Accelerated top‑line growth: Net sales rose 7.4% QoQ and 49.8% YoY, reaching €385.5 m in Q4 2024, driven by distribution expansion, CPS recovery and mix improvements in SIC and SME.
Margin expansion: Gross margin climbed to 39.5% (up 1.0 pp QoQ) and EBITDA margin to 20.8% as pricing discipline and mix shift outweighed cost inflation.
Rebates & promotions discipline: Supplier rebates grew 12.6% QoQ while discount rates held broadly flat; targeted promos in CPS restored volume without derailing margin.
Emerging product contributions: SIC, SME and BNG gained share and added momentum, offsetting CIE and BBA declines; CNC and MBS returned to growth from a small base.
Risks
Price sensitivity & promo creep: Discount rates ticked up in CIE and BBA; CPS margins remain below portfolio average and require strict price fences.
Sub‑scale products: LTC and CNC still operate below EBITDA break‑even; their share gains risk diluting profitability if fixed costs aren’t addressed.
Cost inflation: Raw materials rose €5.9 m QoQ and marketing spend nearly doubled (+€4.2 m); unchecked opex could compress margins.
Rebate dependence: SIC relies heavily on supplier rebates; the shift to ROI‑based co‑marketing is underway but incomplete.
Next steps
Enforce price fences & targeted promos: Roll out pack‑size and channel fences in CPS; hold pricing in CIE/BBA and monitor discount rates weekly.

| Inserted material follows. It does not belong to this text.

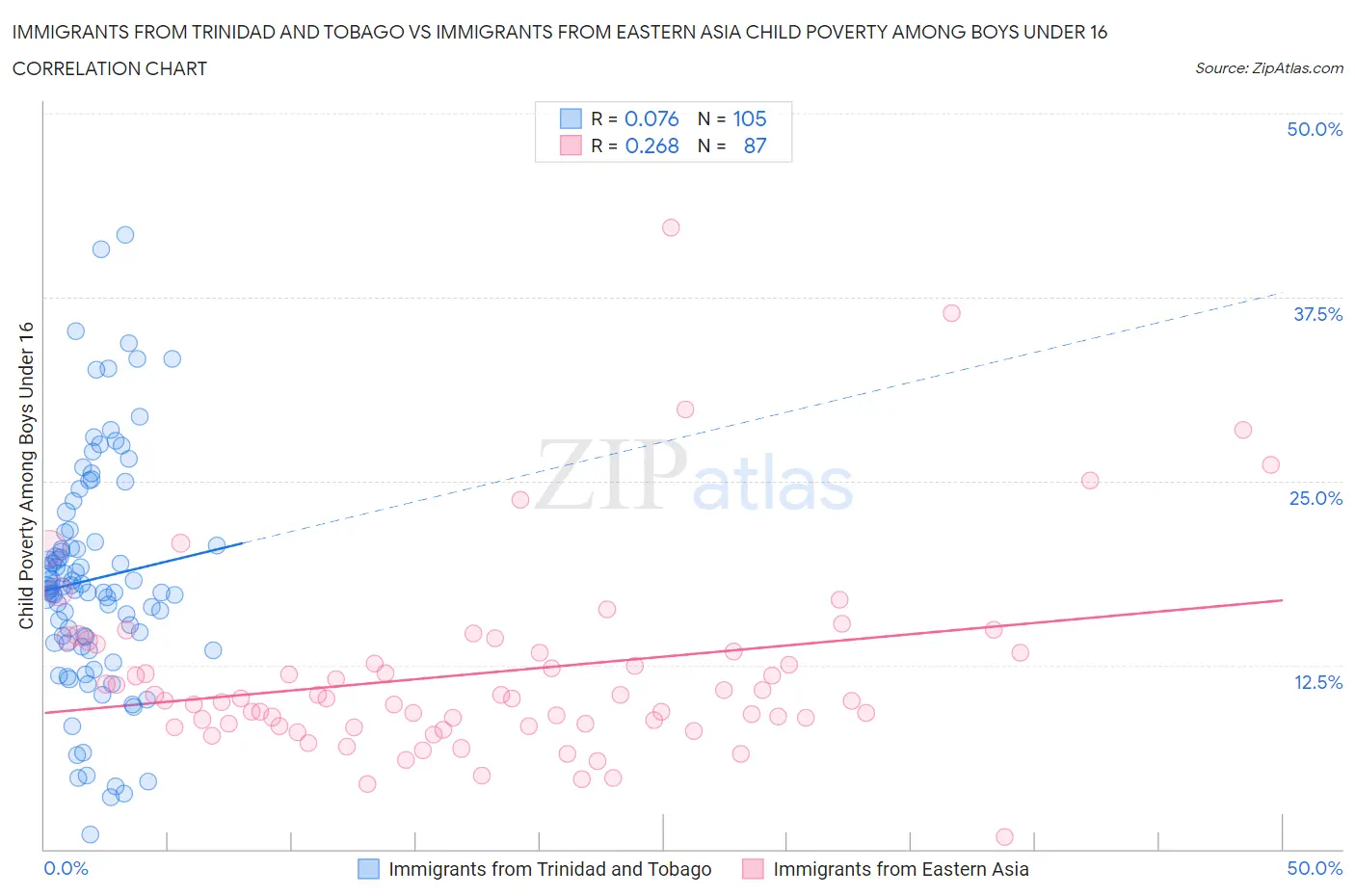 Immigrants from Trinidad and Tobago vs Immigrants from Eastern Asia Child Poverty Among Boys Under 16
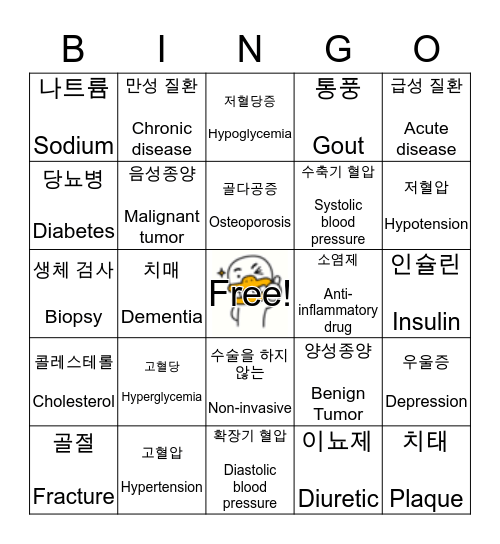Medical Terms Bingo / 의학 용어 빙고 Bingo Card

Rationalize the long tail: Set break‑even gates for LTC/CNC; decide by Q1 whether to re‑launch or retire FRP/MBS and reallocate capacity.
Optimize logistics & batch planning: Implement batch planning for BBA to smooth cold‑chain peaks; consolidate runs for CNC/LTC to reduce changeovers.
Shift rebates to ROI‑based programs: Cap rebate dependence in SIC and pivot to performance‑based retail media; pilot QR traceability to reinforce premium positioning.